Shortly after Katie Bouman was credited with helping produce the first-ever image of a black hole, one of her male colleagues had to defend the 29-year-old computer scientist from “awful and sexist” attacks that said he, in fact, deserved the praise.
Andrew Chael, who was also a member of the team behind the historic discovery, didn’t mince words as he defended Bouman on Twitter.
“So apparently some (I hope very few) people online are using the fact that I am the primary developer of the eht-imaging software library ... to launch awful and sexist attacks on my colleague and friend Katie Bouman. Stop,” he wrote. “Our papers used three independent imaging software libraries. ... While I wrote much of the code for one of these pipelines, Katie was a huge contributor to the software; it would have never worked without her contributions.”
He continued: “With a few others, Katie also developed the imaging framework that rigorously tested all three codes and shaped the entire paper. [A]s a result, this is probably the most vetted image in the history of radio interferometry.
“I’m thrilled Katie is getting recognition for her work,” Chael wrote, “and that she’s inspiring people as an example of women’s leadership in STEM.”
The thrust of the criticism came from users on Reddit and Twitter, where they argued that Chael had in fact written “850,000 of the 900,000 lines of code that made the black hole picture possible.”
The image of the black hole was first released publicly on Wednesday, drawing international attention and awe. The massive celestial object is located “53 million light-years from Earth,” according to The Associated Press, and is “about 6 billion times the mass of our sun.”

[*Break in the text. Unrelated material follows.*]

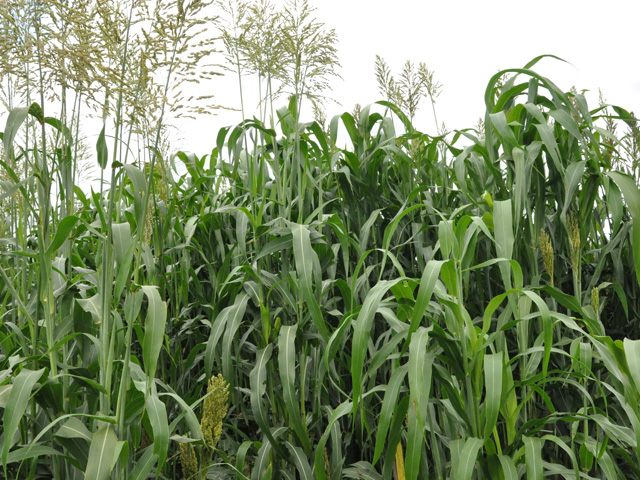 Forages such as this sorghum-sudangrass that farmers seeded on prevented planting acres this year can now be harvested. There are different ways this task can be accomplished. Which one you pick depends on your own farming operation, according to experts. (DTN photo by Chris Clayton)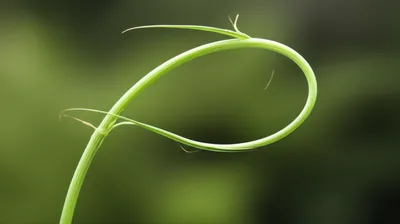 Illustration flexibility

One Reddit post with around 600 upvotes called Chael “the real hero,” while another with over 12,000 upvotes was titled “Katie Bouman should not be getting credit for the picture of the black hole.”
Some pointed to data from the computer coding service GitHub as proof that Chael had done at least “90 percent” of the work.
But Chael, the “primary author of one piece of software that worked on imaging the black hole,” was having none of it and denied writing that many lines of code, according to The Washington Post.
The attacks were “clearly started by people who were upset that a woman had become the face of this story and decided, ‘I’m going to find someone who reflects my narrative instead,’” Chael said, according to The Washington Post. “Katie was a huge part of our collaboration at every step.”
While many media outlets heralded Bouman as the woman “behind” the black hole image or the person responsible “for making it happen,” she never took sole credit for the momentous scientific leap.
“No one of us could’ve done it alone,” Bouman in an interview with CNN. “It came together because of lots of different people from many backgrounds.”
Bouman played an important role by helping “form the algorithm that made the visualization (of the black hole) a reality,” as reported by CBS News.
Her’s was one of “several” algorithms that helped produce the image of an all-consuming black hole.
“We developed ways to generate synthetic data and used different algorithms and tested blindly to see if we can recover an image,” Bouman said, according to CNN.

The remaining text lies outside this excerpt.